Here are a few directions to follow up on if you sense that the product quality resulted in the increase in overall issue priority:
- Were there any recent changes to the development process that may have resulted with poor quality? Such changes may be in processes, personnel or tools.
- Was testing executed at an earlier stage in the Software Development Life Cycle? Later stage builds are expected to have better quality and see lower issue priority.
- Is the increase in overall issue priority attributable to a handful of “P1” issues or to a large number of “P2” and “P3” issues? Clearing your release blockers should have a greater positive impact on the overall priority than fixing the same number of lower-priority defects.
- Similarly, can you attribute the overall issue priority to infrastructural and/or backend changes made recently? It is not uncommon to have even small infrastructural changes resulting with highly-prioritized issues.

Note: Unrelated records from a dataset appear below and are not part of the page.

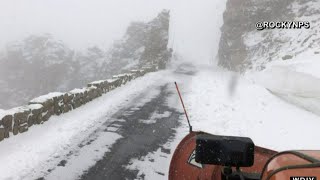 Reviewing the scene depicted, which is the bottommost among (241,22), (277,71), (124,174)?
(124,174)

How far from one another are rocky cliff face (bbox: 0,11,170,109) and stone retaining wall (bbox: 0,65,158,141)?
231ft

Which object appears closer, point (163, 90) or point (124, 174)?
point (124, 174)

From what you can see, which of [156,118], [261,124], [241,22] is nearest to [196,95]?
[156,118]

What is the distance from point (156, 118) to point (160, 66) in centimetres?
3215

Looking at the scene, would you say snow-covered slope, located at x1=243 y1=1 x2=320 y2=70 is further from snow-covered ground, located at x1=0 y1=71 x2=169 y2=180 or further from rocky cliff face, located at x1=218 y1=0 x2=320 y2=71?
snow-covered ground, located at x1=0 y1=71 x2=169 y2=180

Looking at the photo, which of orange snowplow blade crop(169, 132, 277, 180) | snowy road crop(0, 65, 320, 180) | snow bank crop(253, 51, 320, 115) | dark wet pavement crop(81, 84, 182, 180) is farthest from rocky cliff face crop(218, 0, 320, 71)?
orange snowplow blade crop(169, 132, 277, 180)

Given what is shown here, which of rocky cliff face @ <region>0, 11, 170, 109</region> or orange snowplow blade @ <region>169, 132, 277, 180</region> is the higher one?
orange snowplow blade @ <region>169, 132, 277, 180</region>

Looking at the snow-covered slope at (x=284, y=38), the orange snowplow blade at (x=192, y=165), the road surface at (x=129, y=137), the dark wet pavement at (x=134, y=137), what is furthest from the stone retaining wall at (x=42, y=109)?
the snow-covered slope at (x=284, y=38)

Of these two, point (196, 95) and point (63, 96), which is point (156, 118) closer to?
point (63, 96)

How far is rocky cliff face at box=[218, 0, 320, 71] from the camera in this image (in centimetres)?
3366

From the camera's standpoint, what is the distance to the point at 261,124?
38.9ft

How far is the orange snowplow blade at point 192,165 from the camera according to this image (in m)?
4.05

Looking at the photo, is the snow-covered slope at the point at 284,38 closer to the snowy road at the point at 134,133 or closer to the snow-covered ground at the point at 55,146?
the snowy road at the point at 134,133

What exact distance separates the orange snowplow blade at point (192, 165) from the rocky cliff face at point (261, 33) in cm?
2626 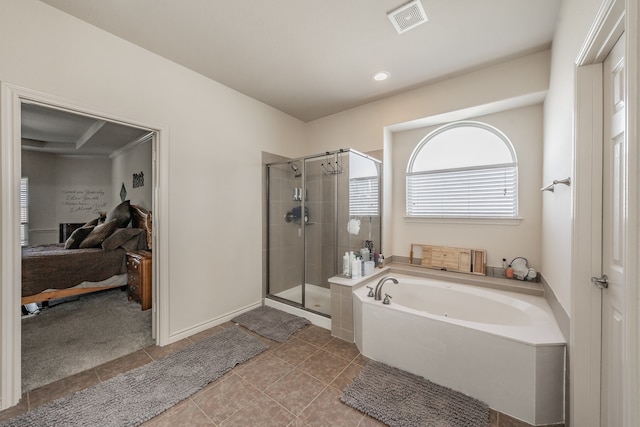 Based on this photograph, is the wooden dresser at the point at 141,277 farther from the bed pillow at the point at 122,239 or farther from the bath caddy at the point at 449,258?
the bath caddy at the point at 449,258

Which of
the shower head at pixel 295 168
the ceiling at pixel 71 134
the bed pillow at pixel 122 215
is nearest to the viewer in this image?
the shower head at pixel 295 168

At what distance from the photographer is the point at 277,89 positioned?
282cm

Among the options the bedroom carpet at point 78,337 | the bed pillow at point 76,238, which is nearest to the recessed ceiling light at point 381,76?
the bedroom carpet at point 78,337

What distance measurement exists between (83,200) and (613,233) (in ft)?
25.9

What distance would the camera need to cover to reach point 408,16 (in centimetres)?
175

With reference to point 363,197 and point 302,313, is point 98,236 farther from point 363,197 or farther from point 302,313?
point 363,197

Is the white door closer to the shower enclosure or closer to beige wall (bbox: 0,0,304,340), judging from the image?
the shower enclosure

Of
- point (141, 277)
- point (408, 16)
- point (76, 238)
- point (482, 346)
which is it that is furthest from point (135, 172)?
point (482, 346)

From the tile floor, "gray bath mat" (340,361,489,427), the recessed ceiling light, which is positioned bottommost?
the tile floor

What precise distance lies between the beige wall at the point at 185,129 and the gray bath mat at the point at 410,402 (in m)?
1.76

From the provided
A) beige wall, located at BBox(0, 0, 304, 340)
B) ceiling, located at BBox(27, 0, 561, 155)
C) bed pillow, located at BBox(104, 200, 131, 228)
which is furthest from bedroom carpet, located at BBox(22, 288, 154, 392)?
ceiling, located at BBox(27, 0, 561, 155)

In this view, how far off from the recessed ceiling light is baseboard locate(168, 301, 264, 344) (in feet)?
9.92

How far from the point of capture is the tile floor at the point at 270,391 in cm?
148

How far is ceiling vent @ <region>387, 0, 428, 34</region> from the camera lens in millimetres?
1670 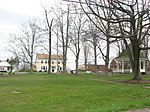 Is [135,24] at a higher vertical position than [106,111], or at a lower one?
higher

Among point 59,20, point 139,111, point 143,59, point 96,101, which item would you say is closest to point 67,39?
point 59,20

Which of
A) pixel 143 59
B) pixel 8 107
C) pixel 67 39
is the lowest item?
pixel 8 107

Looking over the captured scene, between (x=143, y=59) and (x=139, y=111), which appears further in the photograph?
(x=143, y=59)

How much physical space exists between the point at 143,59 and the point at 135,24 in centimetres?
3527

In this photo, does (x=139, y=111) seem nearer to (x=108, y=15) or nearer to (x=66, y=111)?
(x=66, y=111)

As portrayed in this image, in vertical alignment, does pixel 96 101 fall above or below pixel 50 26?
below

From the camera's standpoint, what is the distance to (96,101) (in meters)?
15.8

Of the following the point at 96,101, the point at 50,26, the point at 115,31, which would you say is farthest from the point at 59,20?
the point at 96,101

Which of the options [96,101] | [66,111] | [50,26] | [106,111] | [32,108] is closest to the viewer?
[106,111]

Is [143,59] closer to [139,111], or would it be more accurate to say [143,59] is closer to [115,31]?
[115,31]

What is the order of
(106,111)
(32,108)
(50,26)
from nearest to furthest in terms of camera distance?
(106,111)
(32,108)
(50,26)

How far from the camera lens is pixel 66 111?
12617 millimetres

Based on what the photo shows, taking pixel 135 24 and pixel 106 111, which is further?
pixel 135 24

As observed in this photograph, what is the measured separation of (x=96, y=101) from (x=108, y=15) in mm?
18684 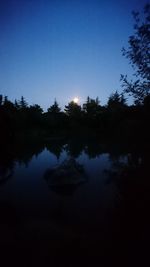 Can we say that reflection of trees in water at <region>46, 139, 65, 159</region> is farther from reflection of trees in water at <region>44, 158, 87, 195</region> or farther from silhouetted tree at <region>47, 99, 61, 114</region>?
silhouetted tree at <region>47, 99, 61, 114</region>

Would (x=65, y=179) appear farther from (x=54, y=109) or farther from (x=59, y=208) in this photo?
(x=54, y=109)

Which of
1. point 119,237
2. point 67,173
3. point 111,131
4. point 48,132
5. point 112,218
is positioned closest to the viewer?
point 119,237

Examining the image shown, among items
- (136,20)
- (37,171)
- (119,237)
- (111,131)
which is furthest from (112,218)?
(111,131)

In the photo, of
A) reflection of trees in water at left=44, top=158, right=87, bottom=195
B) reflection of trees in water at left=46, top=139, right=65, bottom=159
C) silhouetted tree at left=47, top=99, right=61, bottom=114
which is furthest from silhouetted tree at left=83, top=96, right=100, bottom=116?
reflection of trees in water at left=44, top=158, right=87, bottom=195

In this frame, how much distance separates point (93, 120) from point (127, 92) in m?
64.0

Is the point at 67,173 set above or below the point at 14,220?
above

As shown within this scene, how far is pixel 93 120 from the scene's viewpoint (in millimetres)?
75812

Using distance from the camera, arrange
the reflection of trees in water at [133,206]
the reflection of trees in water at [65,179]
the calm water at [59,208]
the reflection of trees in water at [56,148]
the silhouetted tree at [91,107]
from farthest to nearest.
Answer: the silhouetted tree at [91,107]
the reflection of trees in water at [56,148]
the reflection of trees in water at [65,179]
the calm water at [59,208]
the reflection of trees in water at [133,206]

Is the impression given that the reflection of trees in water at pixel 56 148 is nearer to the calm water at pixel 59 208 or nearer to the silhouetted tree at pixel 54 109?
the calm water at pixel 59 208

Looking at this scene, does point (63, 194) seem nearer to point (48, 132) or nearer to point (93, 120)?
point (48, 132)

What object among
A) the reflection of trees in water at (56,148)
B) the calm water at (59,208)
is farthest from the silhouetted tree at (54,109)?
the calm water at (59,208)

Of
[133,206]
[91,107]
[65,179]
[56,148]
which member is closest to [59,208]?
[65,179]

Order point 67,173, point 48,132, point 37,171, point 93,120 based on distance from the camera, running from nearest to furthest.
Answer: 1. point 67,173
2. point 37,171
3. point 48,132
4. point 93,120

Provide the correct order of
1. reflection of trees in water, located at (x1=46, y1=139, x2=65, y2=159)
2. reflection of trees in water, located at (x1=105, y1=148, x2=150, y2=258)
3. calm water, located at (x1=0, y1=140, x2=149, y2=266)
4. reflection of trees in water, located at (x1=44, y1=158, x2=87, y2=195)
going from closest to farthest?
reflection of trees in water, located at (x1=105, y1=148, x2=150, y2=258) < calm water, located at (x1=0, y1=140, x2=149, y2=266) < reflection of trees in water, located at (x1=44, y1=158, x2=87, y2=195) < reflection of trees in water, located at (x1=46, y1=139, x2=65, y2=159)
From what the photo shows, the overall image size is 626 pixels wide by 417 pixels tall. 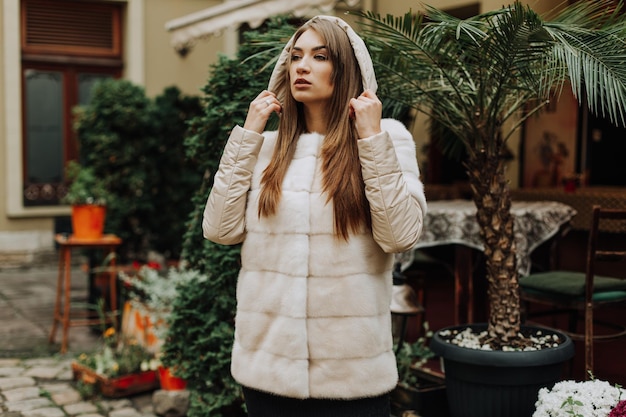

Obviously, none of these directions might be applicable, and yet the testing results still indicate on a lower-quality product. In case your product’s quality did not actually change much, it is worth examining if changes to the implemented testing strategy may have resulted in a higher than usual overall issue priority. It is always a good practice to ongoingly revisit and optimize the testing strategy, and is especially important to do so when there is an increase in issue priority with no apparent decrease in product quality to explain it. This will increase the confidence in the executed testing, make you prioritization easier and more accurate, and tighten the relations between your Applause team and your product.
Here are a few directions to follow up on if you sense that the testing strategy resulted in the increase in overall issue priority:
- Was there a change in the way testing instructions were composed and/or delivered to the testers? Testers may inaccurately represent the severity of issues as they document them without a proper understanding of your product, use cases, and their impact. Note that while the severity might be updated to more accurate values during triage, such frequent changes might discourage the testers from participating in future testings of your product.
- Was there a recent change in personnel – specifically in the interface between you and the Applause team – that may have resulted with lost knowledge or misaligned perspectives? Changes are inevitable, yet documentation and knowledge transfer are key to ongoing success.
- Is the scope of new functionality delivered in the tested build significantly different than usual? Increased complexity in the requirements and “big” new features in general, may result in testers misestimating impact of issues.
Whatever the issue, you are advised to collaborate with your Applause team to further troubleshoot the causes for the increased overall issue priority, and identify improvement opportunities in your processes and testing strategy.